Interactive tool
Before comparing Swiss P2P or crowdlending platforms, put your assumptions through this screener. It converts an advertised interest rate into a loss-scenario range and tells you which verification questions your inputs leave open. Everything runs in your browser; nothing you enter is stored or sent anywhere.
What the screener assumes
The model is deliberately simple: net return ≈ interest − platform fee − expected credit loss, where expected credit loss is your default assumption multiplied by the share not recovered. The stress case triples your default assumption and cuts recovery by twenty percentage points — roughly the shape of a bad credit year. It ignores taxes, reinvestment gaps and currency moves, which is why the output links you to the pages that cover those. Treat the result as a structured list of questions, not a forecast.
Method & status
Simplified expected-loss arithmetic as described in our methodology. Default and recovery inputs are your assumptions, not market data. Tool logic last reviewed: 14 July 2026.
Educational tool, not financial advice. The screener does not recommend platforms and does not imply FINMA endorsement of anything. Lending investments can lose all invested capital and are not bank deposits.
Frequently asked questions
Does the screener store my inputs?
No. The calculation runs entirely in your browser with a small script.
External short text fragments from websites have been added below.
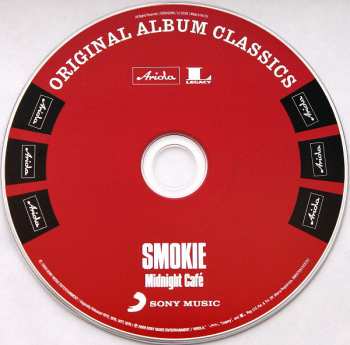 5CD/Set di cofanetti Smokie: Original Album Classics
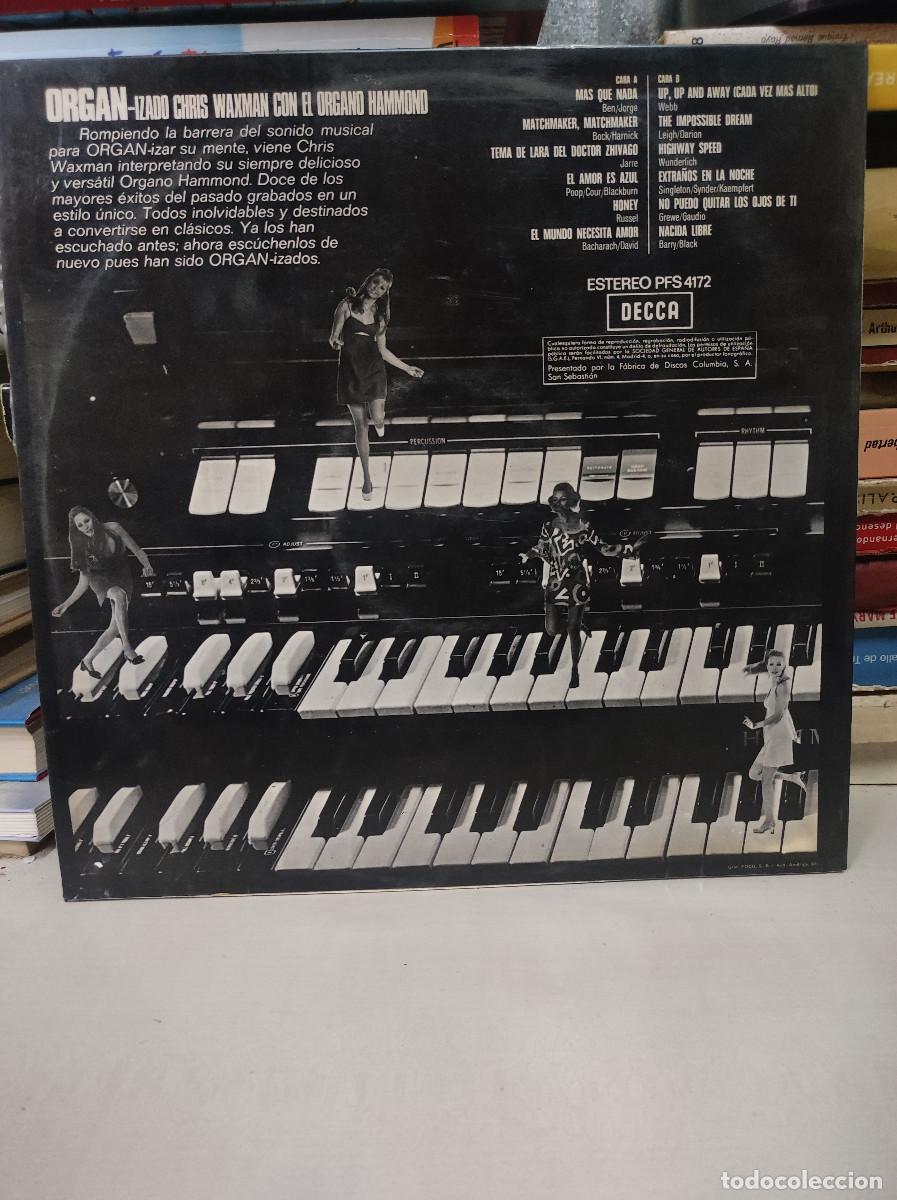 Discos de vinilo: Chris Waxman &ndash; Organized - Foto 2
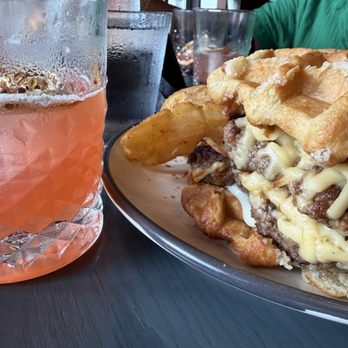 The Stubborn Mule - Waffle burger was expectacular!!! - New American Near Me - Orlando, Florida The Stubborn Mule - Waffle burger was expectacular!!! - New American Near Me - Orlando, Florida
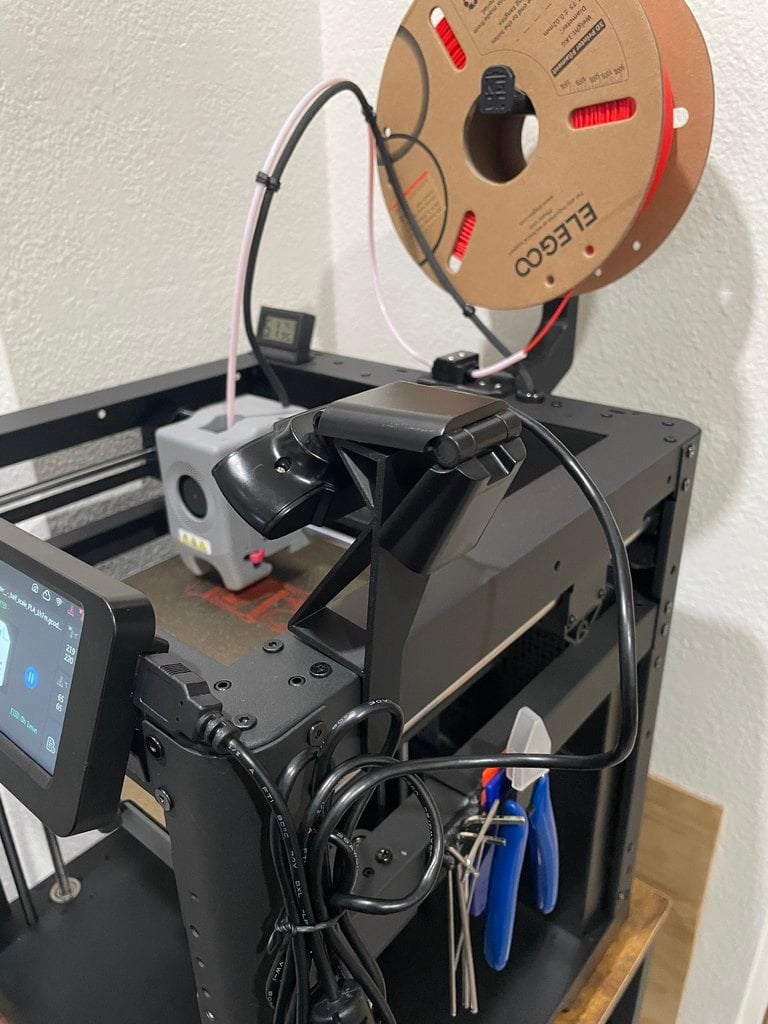 Camerabevestiging voor Flashforge Adventurer 5M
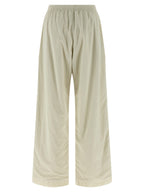 Beige Polyamide Joggers (Workout Pants)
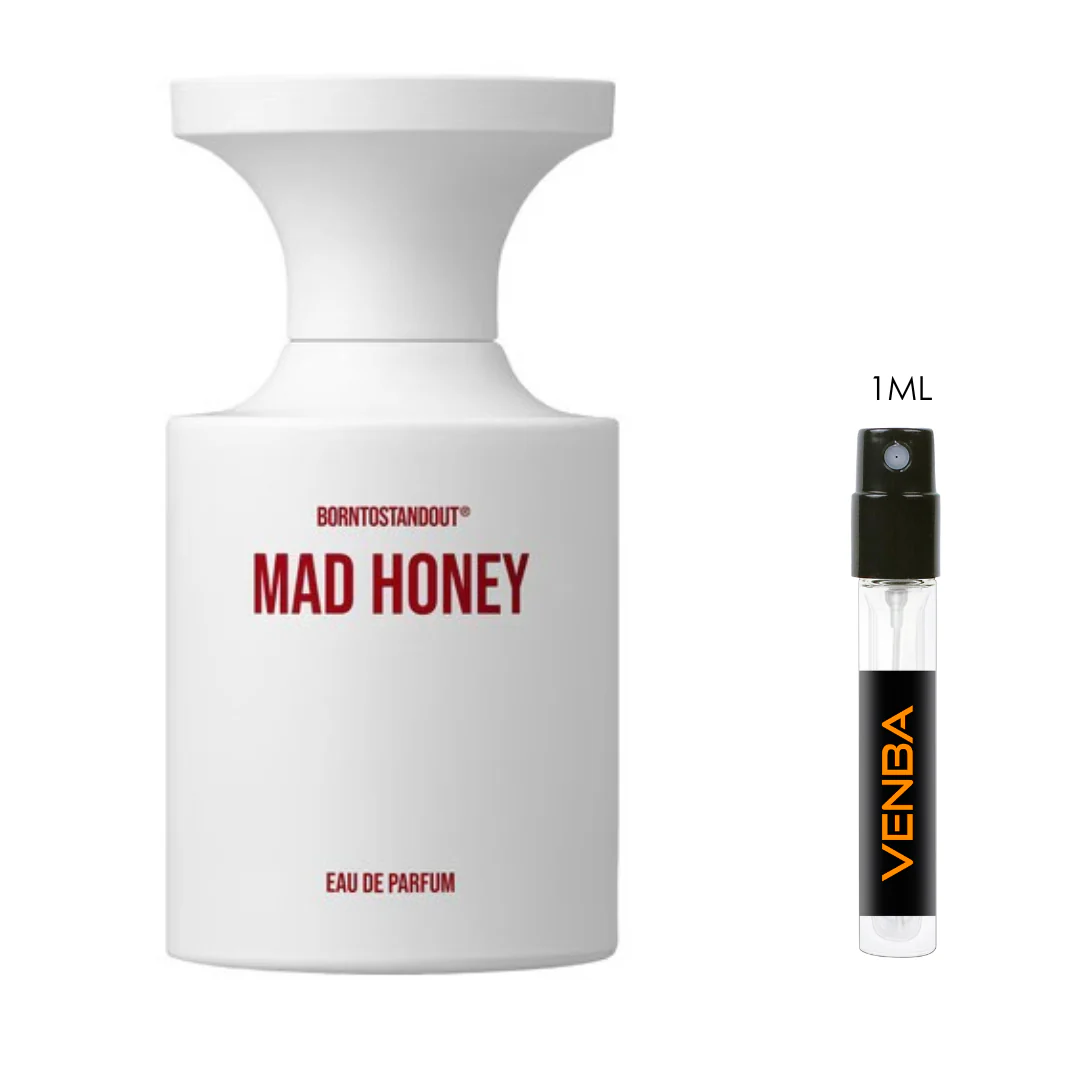 SAMPLE - Borntostandout Mad Honey EDP - Image 2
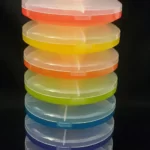 جعبه قطعات 7 طبقه دایره ای TR521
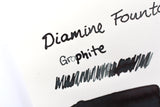 Diamine Fountain Pen Ink - Graphite - 30mL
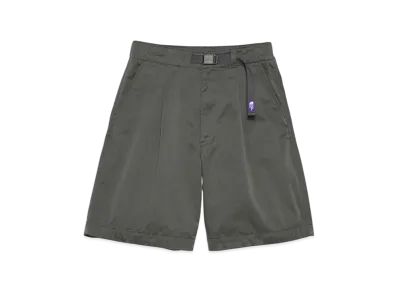 The North Face Purple Label Chino Tuck Field Shorts "Asphalt Gray"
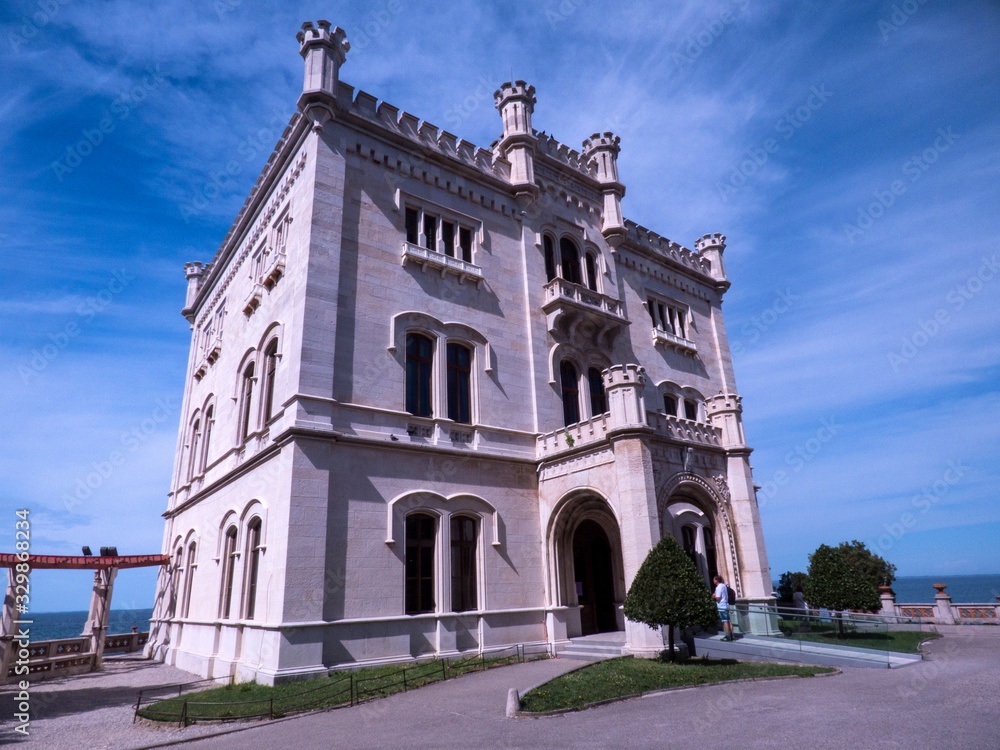 Fototapeta premium castle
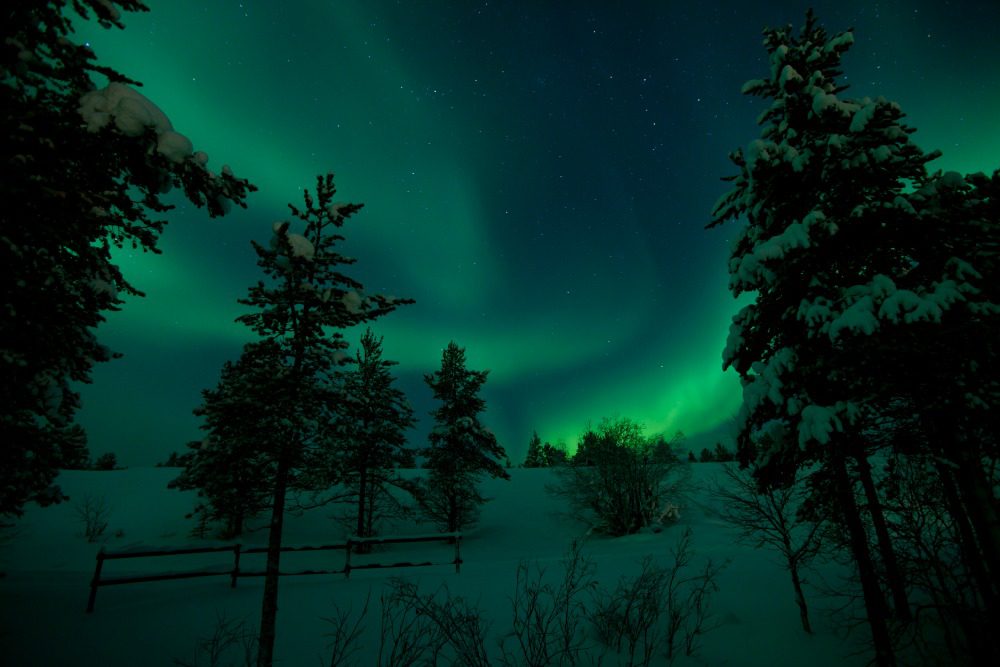 Best Places in the United States to see the Northern Lights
Nothing is saved, transmitted or profiled — see the privacy policy.
Where do I get a realistic default assumption?
Platforms publish historical default and arrears figures with varying honesty. Read how to verify performance claims in our platform comparison guide, and stress your number upward rather than trusting a marketing page.
Why is there no “recommended platform” in the output?
Because a screener cannot know platform quality. It sizes your scenario’s risk mechanics; the verification checklist is how you interrogate an actual platform.